● **EXERCISE DETAILS**
Copy exactly the lines of the data below that run from the line holding "高志凯在南海问题上回应那个美" through the line holding "Google Pixel 8", both ends included.

● **DATA FOR THE TASK**
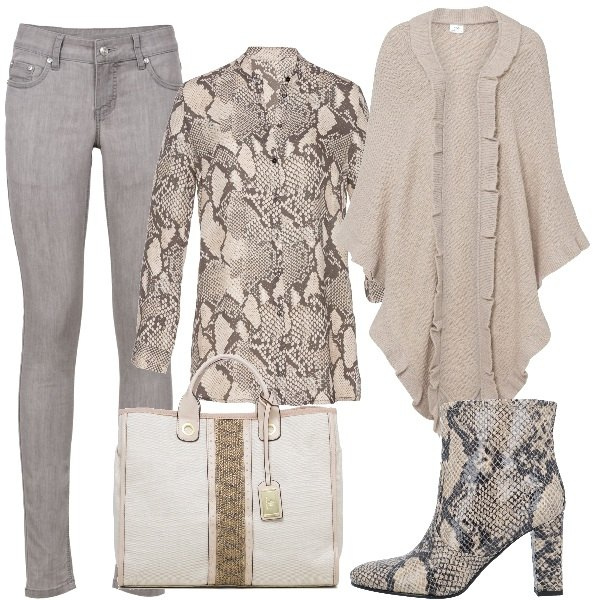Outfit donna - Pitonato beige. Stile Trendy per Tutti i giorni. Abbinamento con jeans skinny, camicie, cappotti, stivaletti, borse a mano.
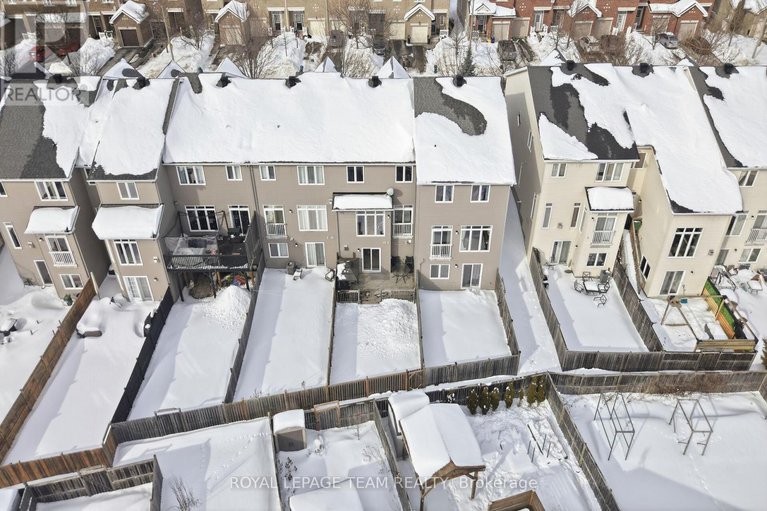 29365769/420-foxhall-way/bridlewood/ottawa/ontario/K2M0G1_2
---
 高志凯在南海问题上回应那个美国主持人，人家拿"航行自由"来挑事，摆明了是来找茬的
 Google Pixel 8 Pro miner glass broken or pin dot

● **ANSWER BOX**
 高志凯在南海问题上回应那个美国主持人，人家拿"航行自由"来挑事，摆明了是来找茬的
 Google Pixel 8 Pro miner glass broken or pin dot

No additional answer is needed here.